La democracia en Latinoamérica tiene dos grandes retos que van de la mano. La superación de la pobreza y la mejora en el acceso a la educación y la calidad de la misma. Durante décadas ha sido importante pero ahora es urgente y decisivo para el futuro del modelo democrático en el continente.

Mauricio Carradini
26 de mayo de 2018

En las próximas semanas Colombia y México escogerán presidente, y las encuestas indican que hay una alternativa que sería un quiebre tanto en el modelo político como económico del país. En los dos casos, la representación pura del nefasto y fallido socialismo latinoamericano.  

Un socialismo que para cerrar las brechas entre pobres y ricos, en vez de propender por mejorar las condiciones de los pobres, parte del resentimiento y la rabia para demoler lo construido y reinventar a las naciones, siempre peleando con la propiedad privada, la inversión extranjera, los compromisos internacionales y las asociaciones con otras democracias. Ahí está a la vista de todos la Venezuela que se han reinventado, pero cuando se menciona como ejemplo, algunos siempre corren a decir "¡Esto (Colombia o México), no es Venezuela!".

Las similitudes entre el Petro de Colombia y el López Obrador de México no pueden ser más notorias. Un autoritarismo tanto de acción como de ideas -sin tener la autoridad intelectual para fundamentarlo-; falta de estructura y flujo lógico de ideas; soluciones simplistas -en su mayoría ya probadas y fallidas-; y el recurso al facilismo conceptual de un único origen para todos los problemas del país: la corrupción y las clases políticas tradicionales.
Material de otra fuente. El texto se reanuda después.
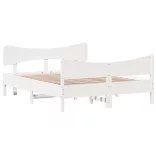 fehér tömör fenyőfa ágy matrac nélkül 135 x 190 cm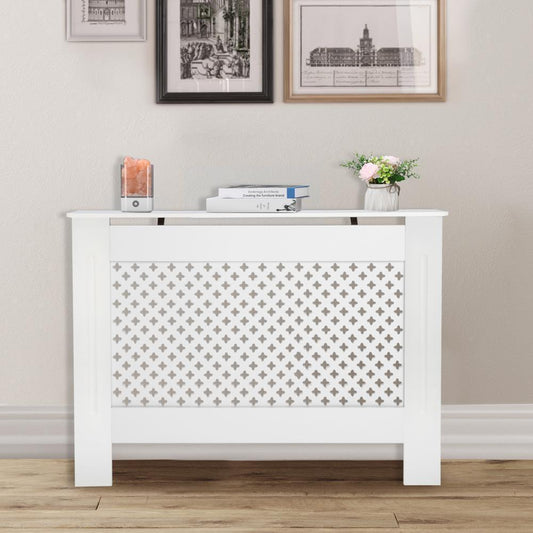 New Wall Heater Radiator Cover White Traditional MDF Wood Grill Cabinet Shelfs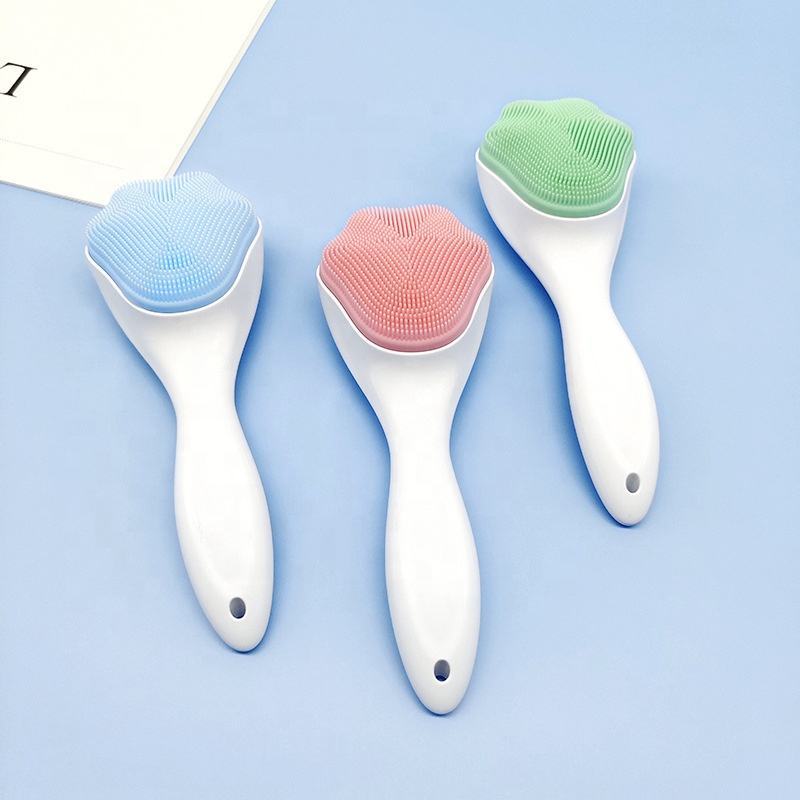 Handheld Silicone Face Scrubber Exfoliator, Soft Face Wash Brush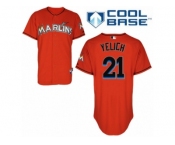 Men's Majestic Miami Marlins #21 Christian Yelich Replica Orange Alternate 1 Cool Base MLB Jersey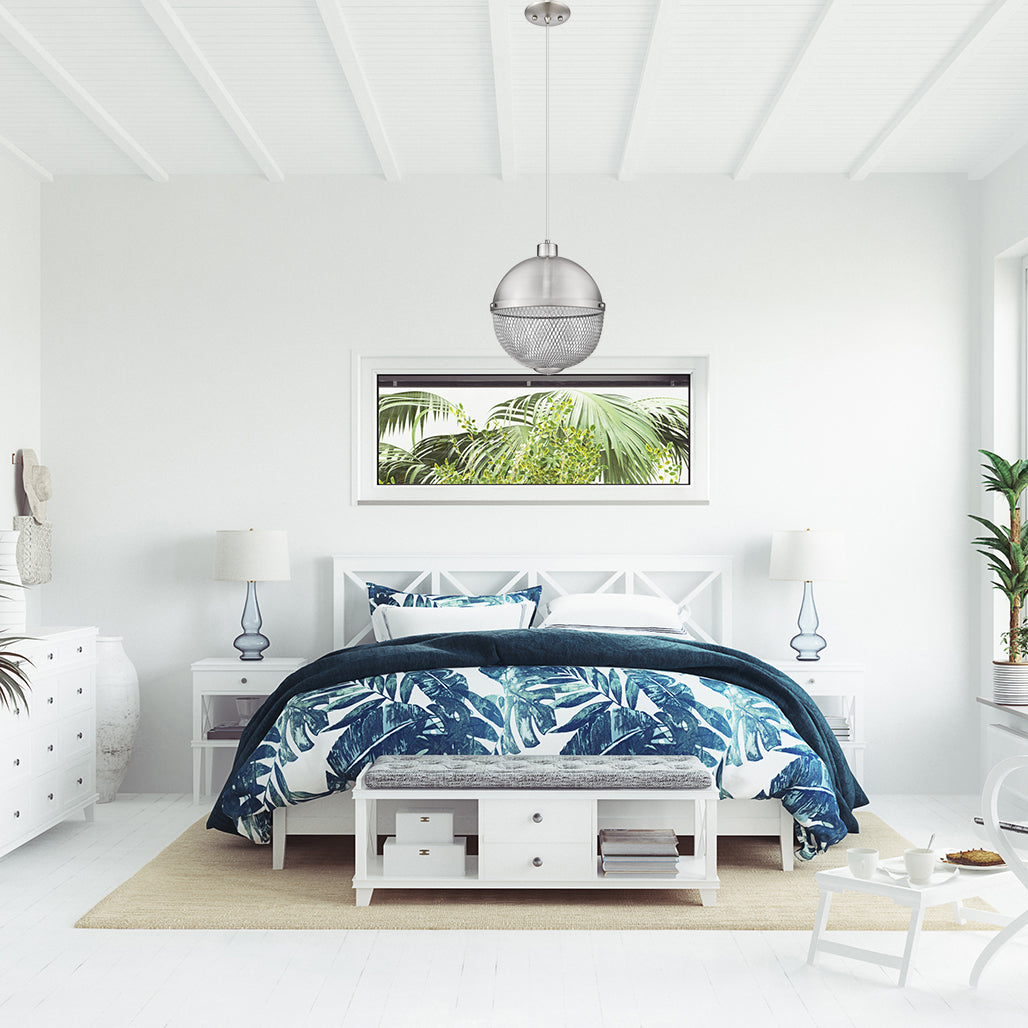 Metal mesh pendant light fixture hanging bedroom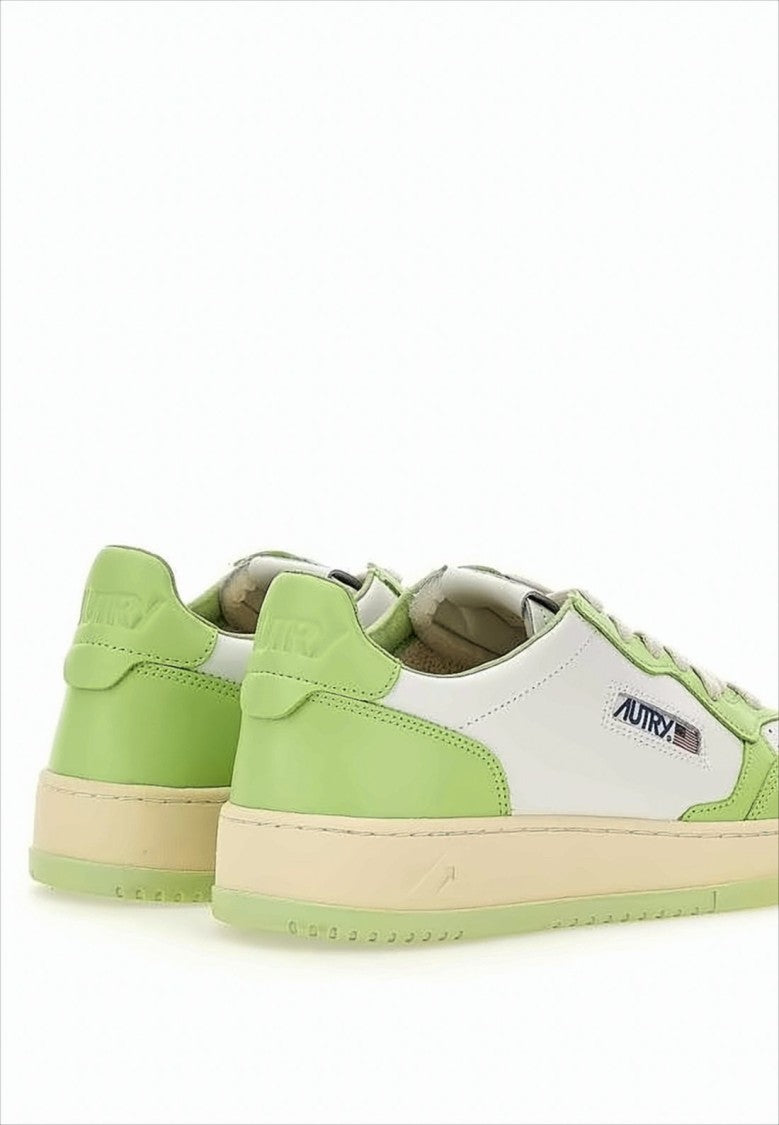 Low-Top Sneakers with Perforated Toe Box and Leather Panels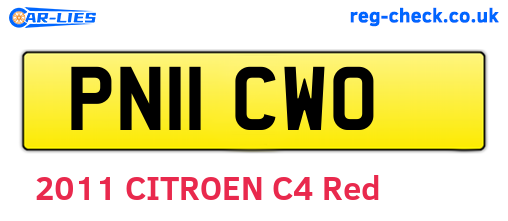 PN11CWO are the vehicle registration plates.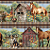 Tricoline Digital Barrado Cavalos na Fazenda, 50cm x 1,50m - Imagem 2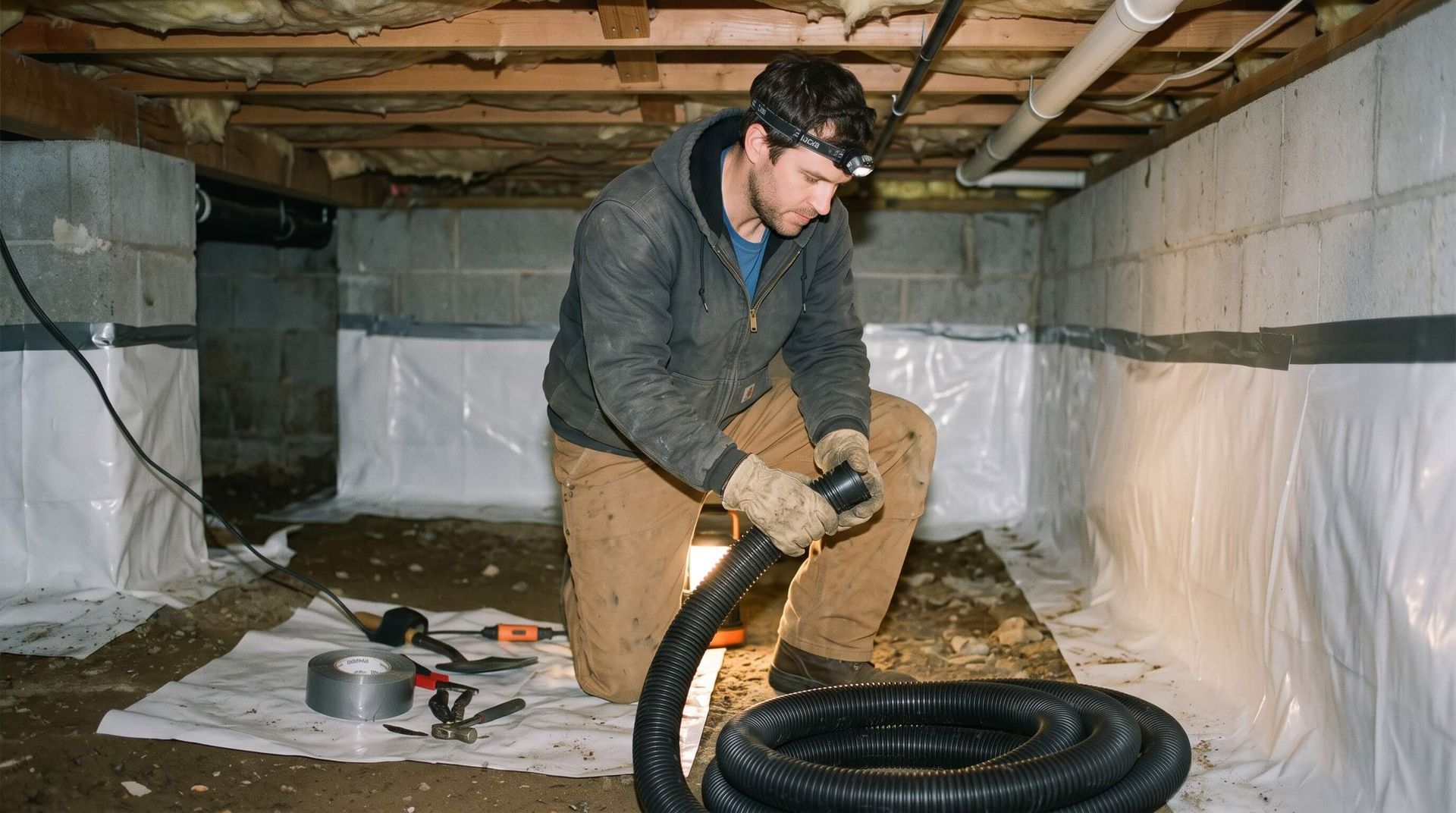 Man working crawl space drainage system pipe
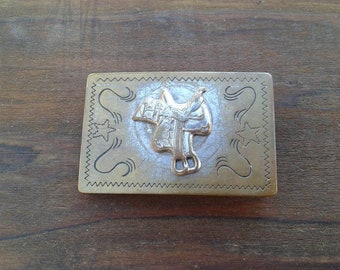 Vintage 1950s Western Belt Buckle Solid Brass Distressed Western Wear Unisex Buckle Cowboy Cowgirl Belt Buckle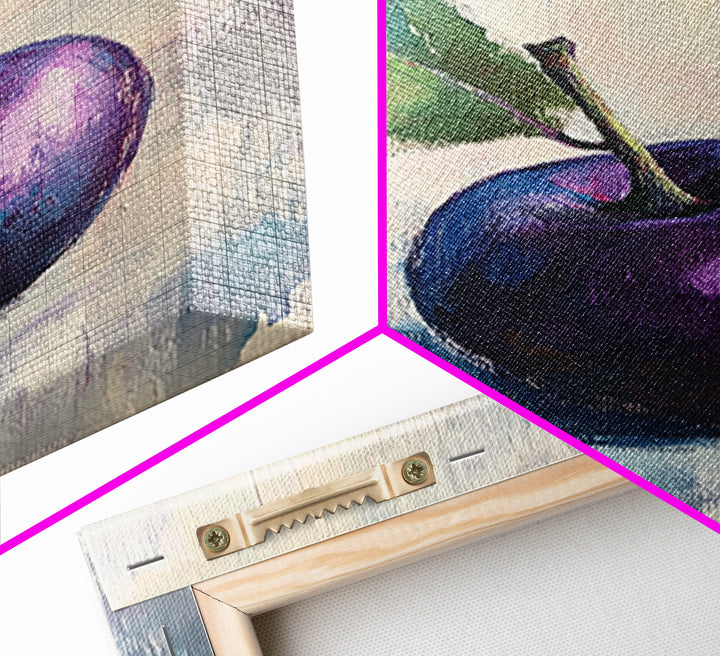 Purple Plum With Green Leaf Canvas Print, Still Life Fruit Art For Kitchen Wall Art, Rustic Farmhouse Home Decor Gift For Her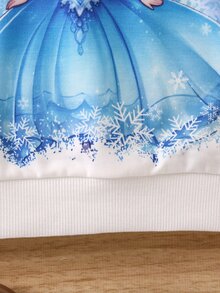 SHEIN Explorewe 女童連帽衛衣 可愛冰雪公主圖案雪花印花長袖套頭衫 聖誕冬季休閒寬鬆連帽上衣 - 藍白色 - 查看 6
Tanto en Colombia como en México, hay un cultivo ideal para su populismo y demagogia: El descontento de la gente con el gobierno y la creencia de que cualquier cosa diferente no puede ser peor que lo que ha gobernado a los países los últimos ocho y seis años, respectivamente. Una abrumadora mayoría de colombianos desaprueba la gestión de Santos -alrededor del 80%-, y la gran mayoría de mexicanos está indignada con lo que el PRI de Peña Nieto ha hecho a nivel federal y estatal.

El descontento y la indignación, en ambos casos, son fundamentados. Santos traicionó tanto a los que estaban a favor del acuerdo de paz, como a los que se oponían a él. Para el colombiano del común las trampas de Santos, su marrullería y negocios con las cortes y el congreso para burlar la constitución, representan la política tradicional y el "todos los políticos son iguales". Peña Nieto prometió un nuevo PRI con una nueva generación de líderes, y muchos de sus gobernadores son buscados por robo y malversación de cientos, y en casos de miles, de millones de dólares.

El caso de México es más grave que el de Colombia. López Obrador lidera las encuestas y cuenta con el apoyo de grupos económicos y conglomerados de medios poderosos, quienes seguramente simplemente ya están acordando condiciones para coexistir en lo que se perfila como un ambiente hostil para empresarios, millonarios y multinacionales.

Petro, por otro lado, es rechazado por los empresarios y aparte de algún editor político, no cuenta con un medio de comunicación importante que crea en su proyecto y mucho menos que lo apoye. No sería de extrañar que detrás del poder en redes sociales y de la logística de la manifestaciones a favor de Petro estén los narco-petro-dólares venezolanos, pero no será el flojo y débil gobierno de Santos el que proteja a la democracia colombiana de la intromisión extranjera en las elecciones, así que probablemente esto nunca se sepa.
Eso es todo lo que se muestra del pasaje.